打車來到公司樓下,小組的員工已經等候他多時:“楚總,您終于來了,這個季度的設計壓軸款還沒定下來,等您拍板呢。”
楚佑寒接過助理遞上來的設計圖紙。
他是美術生,畢業后進服裝公司做設計,幾年后又創立了自己的服裝品牌。
雖然算不上什么大公司,但也是他全部的心血鑄就,對設計稿的質量尤其看重。
然而這一次交上來的稿子,卻有幾張非常差的。
楚佑寒皺眉:“公司怎么會招這種水平的實習生?”
助理的臉色為難,支支吾吾道:“這個是您的弟弟,楚瑾川畫的。

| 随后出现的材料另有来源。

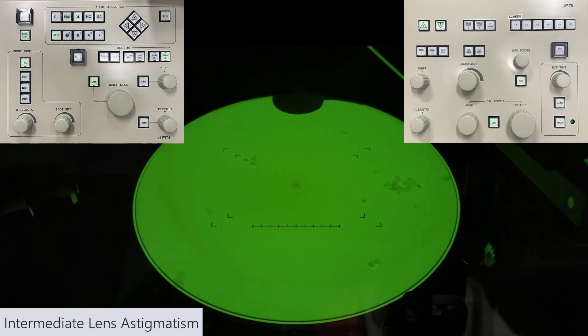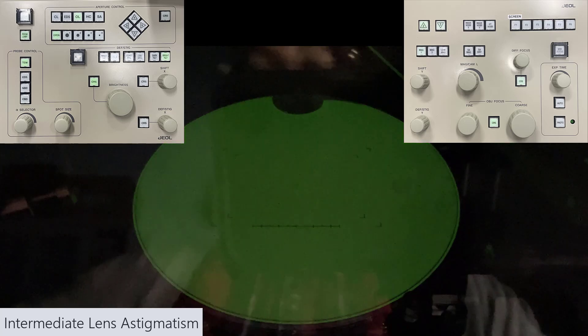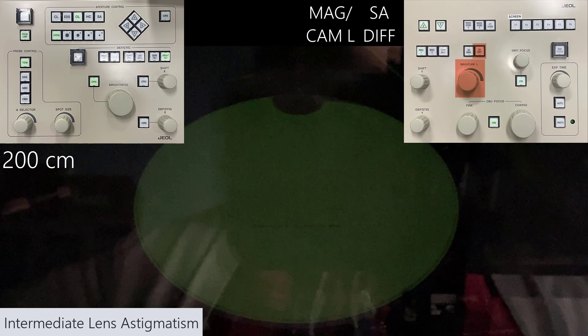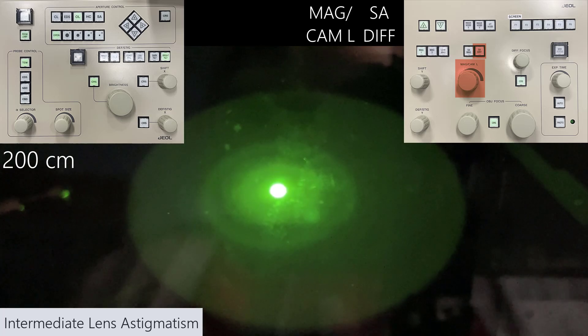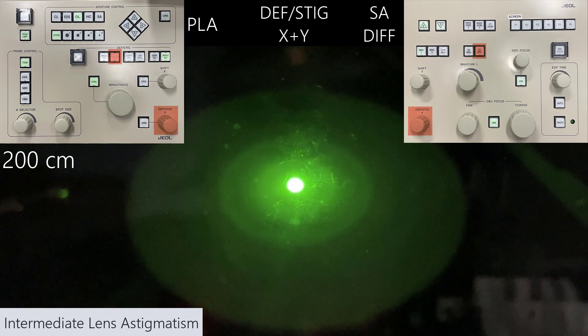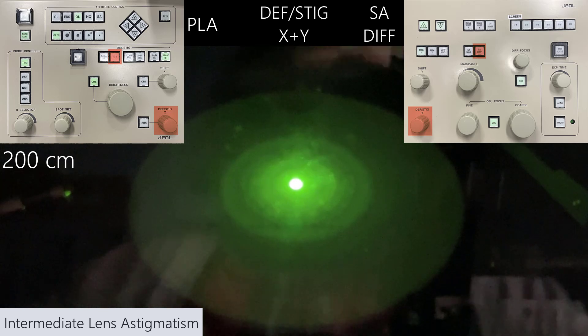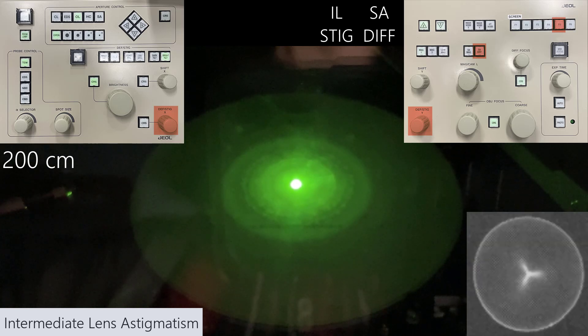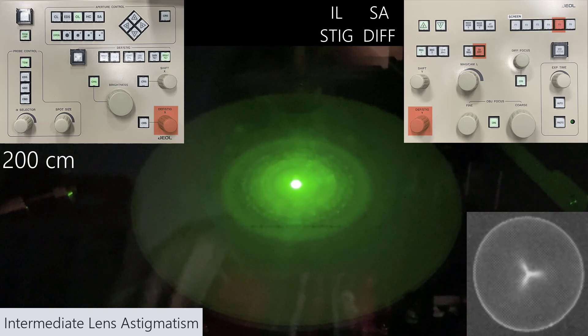In terms of required alignments, that's it. There are some optional alignments depending on what data you intend to collect. First, intermediate lens astigmatism — this is useful if you plan on doing selected area electron diffraction. Expand your beam so it's quite faint, switch to diffraction mode by selecting the SA diff button, and start at 200 centimeter camera length. Center your pattern using the PLA button and deflector stigmator X and Y knobs, sharpen the pattern using the diff focus knob, then select the IL stig — mapped to our F5 function — and correct the caustic spot using the deflector stigmator X and Y knobs.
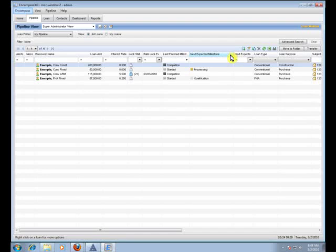Hey guys, Jacob with Mortgage Coach. Just wanted to give you a quick walkthrough on how to export Fannie Mae files from your new Encompass 360 version.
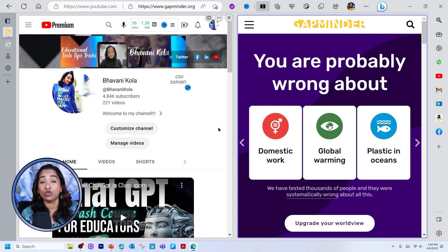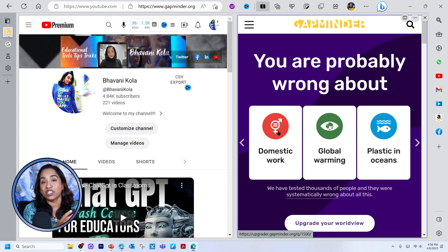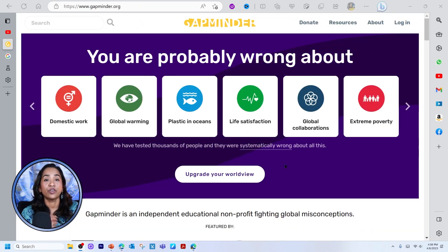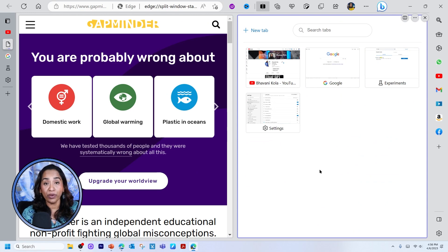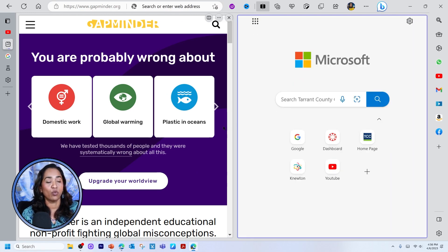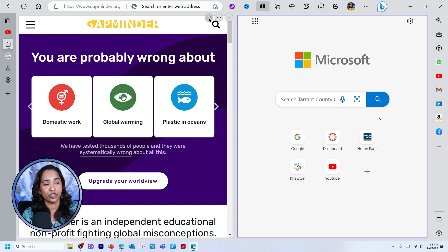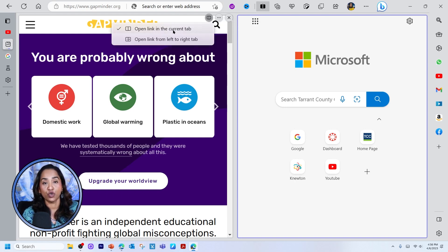This could be a blessing when you are trying to read articles that have links and you want to open the links parallelly. Let me show you what I'm talking about. Here I'm on Gapminder — I'm going to go ahead and split my screen. Instead of choosing from the windows I have open, I'm going to click on new tab. Once here, let's say I'm browsing a webpage and I see a link I want to open parallelly. All I have to do is click on this little option, and I have an option to open the link in the current tab or open the link from left to right.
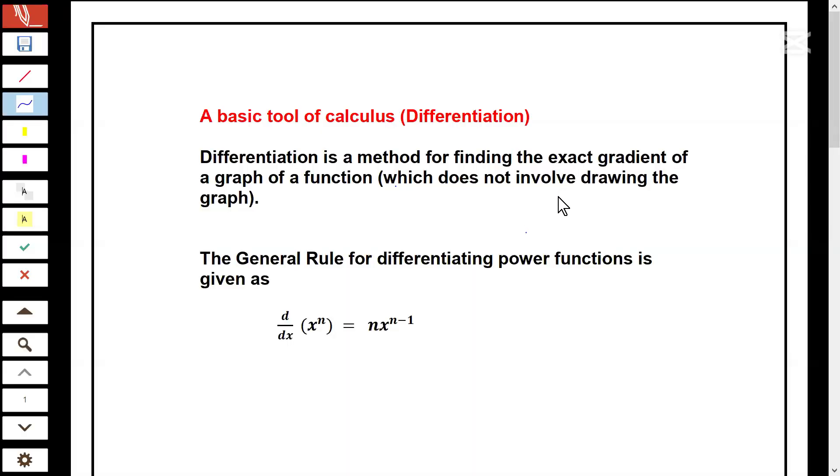Hello everyone, you're welcome to my channel. In this video, I will be discussing the topic differentiation.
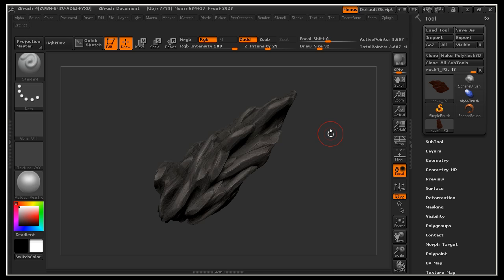We're going to be unwrapping that mesh, that low poly mesh inside of ZBrush, and then we're going to be putting everything together inside of Photoshop using Endo 2. So let's go ahead and get started.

”
難怪。
三個月前,楚瑾川帶著兒子離婚回國。
因為找不到合適的工作,父母讓他在公司給楚瑾川留個總監的職位。
楚瑾川的水準,別說總監,就連實習生的水平都達不到,他自然不肯答應,但拗不過一家人輪番威逼利誘,甚至來公司鬧事。
最后,楚佑寒沒辦法,給他安排了個設計師的崗位。
誰知道就交上來這種東西。
將這幾張全部抽掉,楚佑寒吩咐助理:“以后他交上來的東西,做做表面功夫就行了,別送到我面前。”
他嫌辣眼睛。
然后從包里拿出這段時間,自己改好的設計稿,“拿著這個,和幾個設計師商量,看看夠不夠上壓軸款。”
助理一看,頓時雙眼放光:“楚總,您太謙虛了。”
“這肯定行的,您的水準大家有目共睹。”
楚佑寒只當她是在拍馬屁,轉頭處理起剩下的工作。
換心手術后,這具身體必死無疑。
死后,系統會為他重新換一副身體,這家公司恐怕也沒法繼續經營了。
畢竟是多年的心血,楚佑寒準備把它交給自己最好的兄弟,但在此之前,他想把接下來的工作做好,站好最后一班崗。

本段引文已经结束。